Microsoft’s Azure AI Foundry then supports Grok bots created by Elon Musk. Developers are now able to create, evaluation, and install software powered by Grok 3 and Grok 3 Mini within the AI development program.
Microsoft will charge customers for their usage of the Grok models, starting at$ 3 per million input tokens and$ 15 per million output tokens, on its Azure cloud infrastructure. The Grok designs will be accessible for free to try up until the beginning of June, though.
The announcement was made at Microsoft’s Build designer conference on Monday, and it stands out given Microsoft’s collaboration with OpenAI. Musk founded xAI, the business that preceded Grok, but has since resigned from its table in the late 2010s due to disagreements over its leadership style.
Microsoft’s working partnership with Musk may stress its working partnership with OpenAI.
When the businessman claimed the firm had departed from its original purpose as a volunteer, a legal fight between Musk and OpenAI started in February 2024. In August 2024, Musk filed a modified grievance that reiterated the same fundamental claims.
An investment consortium led by Musk submitted a bid for a$ 97.4 billion acquisition offer for OpenAI in February 2025. The board of directors of OpenAI swiftly rejected the merger, which countersued in April, alleging that Musk’s request was a part of a wider campaign of intimidation to destroy the organization.
Observe: Volunteer Retain Controls, OpenAI Backtracks,
Microsoft has also increased its partnership with OpenAI, beginning in 2019 with a$ 1 billion investment in exchange for an exclusive license to market the core GPT models. With a multibillion dollar funding in OpenAI, which made Azure its unique cloud provider, this was extended in January 2023.
For its Azure AI Foundry, Microsoft is looking to partner with Artificial companies.
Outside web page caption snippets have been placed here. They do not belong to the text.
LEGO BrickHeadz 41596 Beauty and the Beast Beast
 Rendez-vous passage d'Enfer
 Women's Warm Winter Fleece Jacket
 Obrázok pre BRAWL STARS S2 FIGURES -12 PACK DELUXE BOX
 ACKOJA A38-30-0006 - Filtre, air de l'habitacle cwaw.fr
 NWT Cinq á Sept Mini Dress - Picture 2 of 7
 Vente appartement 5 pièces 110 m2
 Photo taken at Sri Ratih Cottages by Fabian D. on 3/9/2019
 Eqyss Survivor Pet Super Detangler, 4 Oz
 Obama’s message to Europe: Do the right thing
Redmond has been forging partnerships with many rivals, despite the fact that OpenAI may work specifically with Microsoft for cloud hosting and design licensing. Azure AI Foundry features plenty of base concepts from the likes of Meta, DeepSeek, NVIDIA, Cohere, and Hugging Face, and it has entered non-exclusive licensing agreements with Tone AI and Mistral AI. The more a business and developer are drawn to the software, the more the model selection is extensive.
Vaidyaraman Sambasivam, Azure AI’s spouse head of goods, stated in a blog post that the addition of xAI’s Grok 3 “underlines Microsoft’s commitment to help an empty, different AI habitat, rather than relying on a single unit provider. The addition of a new model, expanding the kit, and” Grok 3’s appearance on Azure AI Foundry Models” is a testament to that vision.
Microsoft also announced at the Build meeting that Windows 11 will then assist Anthropic’s Model Context Protocol, an open-source standard for connecting AI programs to data libraries. Microsoft aims to transform the operating system into an “agentic” software, one where AI agents can assist people in carrying out tasks across programs, files, and services without needing human inputs.
Microsoft might start to regret the partnership due to Grok’s shaky reputation.
Not just because Microsoft has an unusual relationship with the Grok models, OpenAI and Musk compete against one another. Greco has received criticism for its subpar performance, which raises questions about its suitability for business use. Grok 3 generated inaccurate news citations in 94 % of cases, according to the Tow Center for Digital Journalism. It frequently gets itself into political hot water because it frequently refers to J.D. Vance, Vice President of the United States, and US President Donald Trump as misinformation spreaders.
Last week, Grok uninvitedly mentioned the” white genocide” in South Africa, which xAI attributed to an “unauthorized modification” of its system prompt. According to the Associated Press, Trump authorized the admission of dozens of white South African refugees after they were accused of racial discrimination and violence. The South African president said the move was based on a” completely false narrative.”